Minimally Invasive Knee Replacement (cont.)
B Sonny Bal, MD
Melissa Conrad Stöppler, MD, Chief Medical Editor
Melissa Conrad Stöppler, MD, Chief Medical Editor
Melissa Conrad Stöppler, MD, is a U.S. board-certified Anatomic Pathologist with subspecialty training in the fields of Experimental and Molecular Pathology. Dr. Stöppler's educational background includes a BA with Highest Distinction from the University of Virginia and an MD from the University of North Carolina. She completed residency training in Anatomic Pathology at Georgetown University followed by subspecialty fellowship training in molecular diagnostics and experimental pathology.
IN THIS ARTICLE
Quadriceps-Sparing Knee Replacement and Lateral Approach Knee Replacement
Quadriceps-Sparing Knee Replacement
To truly spare the quadriceps tendon from any cutting, a different variation of minimally invasive surgery, called quadriceps-sparing knee replacement, can be used. This surgical approach is not new. Another name for it is the subvastus approach. "Subvastus approach" means going under the vastus muscle, which is part of the quadriceps muscle group. In essence, the surgeon makes a small (3- to 4-inch) skin opening. Next, the surgeon opens a fibrous layer of tissue called the retinaculum and enters the knee joint. Finally, to expose the knee joint enough to insert the artificial parts, the surgeon takes the cut in the retinaculum further up into the thigh. This is done without cutting or injuring the quadriceps tendon. The quadriceps muscle is instead lifted up out of the way, so special instruments can be positioned for the operation.
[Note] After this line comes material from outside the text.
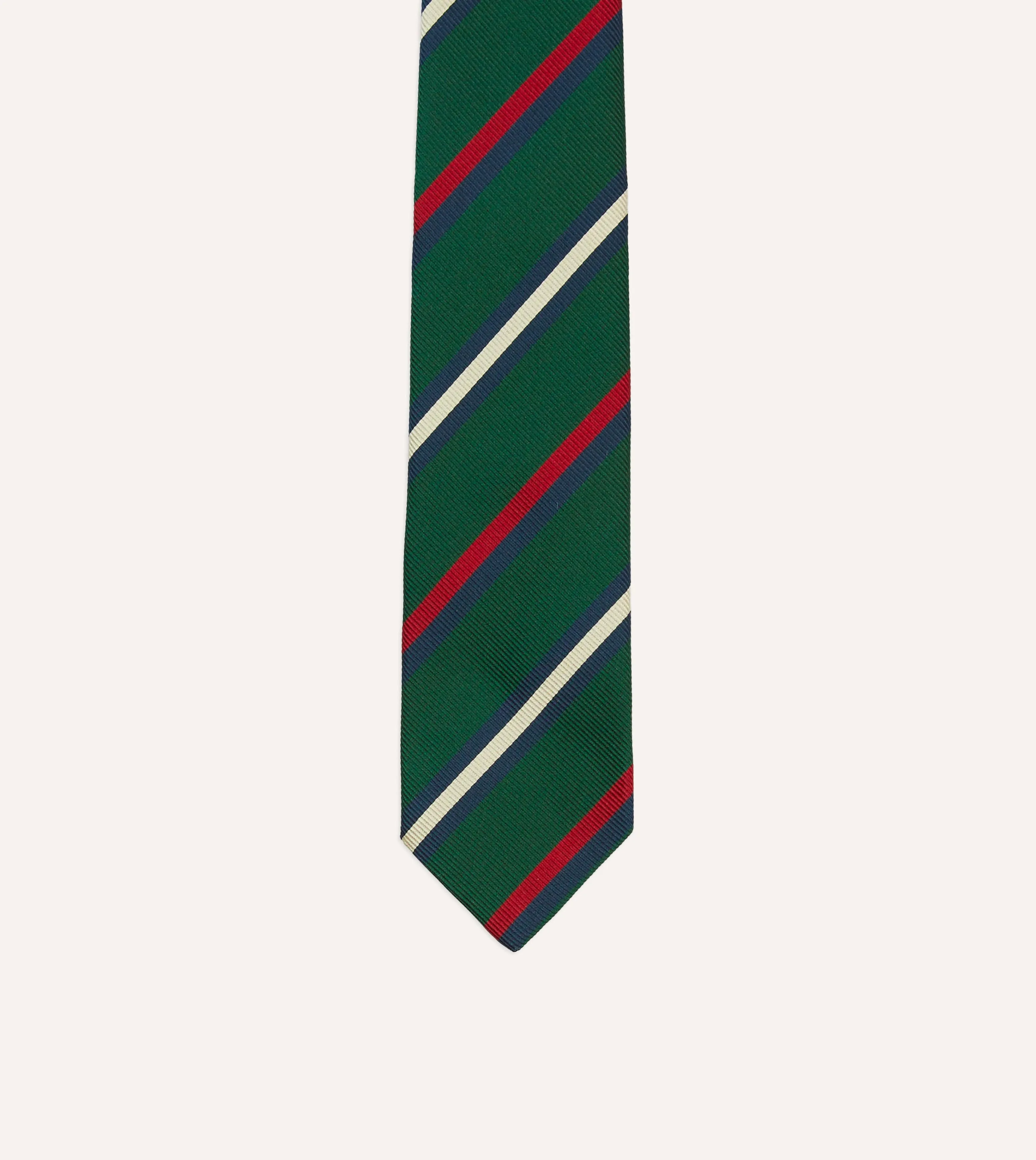 Green, Red and White Stripe Repp Silk Tipped Tie sold by Drake's London product image thumbnail 3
The incision for the quadriceps-sparing knee replacement is only as large as is necessary to place the artificial parts in the body. The cut into the skin is shorter, and the underlying cut to reach the bone through the deep tissues is also shorter than for standard knee replacement surgeries, so the quadriceps is not cut. Special instruments are used to access and prepare the bone through such a small incision. Implants designed for this type of procedure and occasionally x-ray guidance are also used for this surgery. This surgery is best performed by capable surgeons with training in this procedure.
This type of surgery cannot be performed on all people. Surgeons carefully select people for whom this procedure is possible. Yet 90-95% of people who are candidates for total knee replacement are suitable for this procedure.
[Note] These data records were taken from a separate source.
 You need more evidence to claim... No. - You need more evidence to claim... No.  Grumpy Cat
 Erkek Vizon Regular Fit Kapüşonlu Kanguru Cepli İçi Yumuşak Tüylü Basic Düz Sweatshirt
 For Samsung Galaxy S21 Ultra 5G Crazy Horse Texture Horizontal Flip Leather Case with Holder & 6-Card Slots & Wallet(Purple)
Results after quadriceps-sparing knee replacement are dramatically better than results after knee replacements performed through a 4-inch incision using the standard technique. Benefits include an early return to walking, greatly reduced pain, and a remarkably different overall recovery. Scarring and soft tissue trauma underneath the skin are minimal.
Pain control measures can also speed up recovery. A painkiller may be given before the surgery, and a nerve block may be given in the thigh to numb the leg. Pain pumps that infuse painkillers into the incision may also be used. Early exercise is also encouraged to speed up recovery.
Today, most knee replacements done in the United States use parts that attach to the bone with special cement. A newer material called tantalum, a very porous material similar to bone, may also be used. When this metal is placed against bone, it allows bone to fuse into it.
By a few weeks after surgery, the bone is attached to the metal parts. The bone is stable and the implant is durable. By not using cement, the surgeon can also avoid using a tourniquet. A tourniquet is used by most surgeons in the United States to drain blood from the leg and to shut off the blood supply to the leg during surgery. However, restricting this blood flow is known to result in damage to the leg and thigh muscles and to prolong recovery. Avoiding use of a tourniquet allows faster recovery.
Using modern implants without bone cement and avoiding tourniquets allow for a faster recovery and better pain relief, particularly when combined with appropriate painkillers and the quadriceps-sparing surgical approach.
Lateral Approach Knee Replacement
Another method of performing knee replacement surgery, although rarely used, involves entering the knee joint from the outside. The incision is made on the lateral side (outside) of the knee joint, and the kneecap and the muscles supporting it are disturbed even less than during a routine knee replacement procedure. This surgical approach, called the lateral approach, is another type of minimally invasive knee replacement surgery. The lateral approach allows muscle damage to be avoided, and the kneecap mechanics are improved. Because this method of knee replacement is unusual, surgeons rarely use it. However, it has distinct advantages over traditional knee replacement surgery. Pain is decreased and people are able to return to walking faster.